In this context, we present JamLab: a low-cost infrastructure to augment existing LPWN testbeds with accurate interference generation in LPWN testbeds, useful to experimentally investigate the impact of interference on LPWN protocols.
We investigate how interference in a shared wireless medium can be mitigated by performing wireless channel energy sensing in low-cost and low-power hardware. For this pupose, we introduce a novel channel quality metric—dubbed CQ—based on availability of the channel over time, which meaningfully quantifies interference. Using data collected from a number of Wi-Fi networks operating in a library building, we show that our metric has strong correlation with the Packet Reception Rate (PRR). We then explore dynamic radio resource adaptation techniques—namely packet size and error correction code overhead optimisations—based on instantaneous spectrum usage as quantified by our CQ metric.
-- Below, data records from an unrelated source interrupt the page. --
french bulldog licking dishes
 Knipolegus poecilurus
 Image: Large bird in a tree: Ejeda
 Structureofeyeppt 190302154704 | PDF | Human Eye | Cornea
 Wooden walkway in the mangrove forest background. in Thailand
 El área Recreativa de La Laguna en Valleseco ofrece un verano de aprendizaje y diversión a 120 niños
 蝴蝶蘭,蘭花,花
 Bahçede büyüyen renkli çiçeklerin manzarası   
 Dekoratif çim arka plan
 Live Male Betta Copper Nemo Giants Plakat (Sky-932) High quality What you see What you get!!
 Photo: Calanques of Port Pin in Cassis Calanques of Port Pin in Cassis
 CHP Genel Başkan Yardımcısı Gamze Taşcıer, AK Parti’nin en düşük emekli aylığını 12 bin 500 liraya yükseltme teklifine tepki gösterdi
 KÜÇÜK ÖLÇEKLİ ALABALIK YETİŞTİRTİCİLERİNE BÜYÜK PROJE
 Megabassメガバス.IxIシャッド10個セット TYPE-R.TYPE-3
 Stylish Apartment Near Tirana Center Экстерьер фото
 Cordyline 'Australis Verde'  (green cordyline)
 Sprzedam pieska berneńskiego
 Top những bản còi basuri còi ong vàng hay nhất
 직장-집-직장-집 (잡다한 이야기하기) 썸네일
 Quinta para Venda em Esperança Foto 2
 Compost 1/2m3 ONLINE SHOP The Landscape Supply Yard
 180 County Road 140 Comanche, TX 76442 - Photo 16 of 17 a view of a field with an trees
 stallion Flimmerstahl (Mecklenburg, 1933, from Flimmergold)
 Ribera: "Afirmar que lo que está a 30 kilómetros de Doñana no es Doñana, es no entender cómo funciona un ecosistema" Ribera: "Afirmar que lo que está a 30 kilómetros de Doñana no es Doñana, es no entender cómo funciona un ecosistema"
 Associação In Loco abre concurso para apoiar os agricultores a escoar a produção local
To conclude, we study emerging fast fading in the composite channel under constructive baseband interference, which has been recently introduced in low-power wireless networks as a promising technique. We show the resulting composite signal becomes vulnerable in the presence of noise, leading to significant deterioration of the link, whenever the carriers have similar amplitudes.
Overall, our results suggest that the proposed tools and techniques have the potential to improve performance in LPWN operating in the unlicensed spectrum, improving coexistence while maintaining energy-efficiency. Future work includes implementation in next generation platforms, which provides superior computational capacity and more flexible radio chip designs.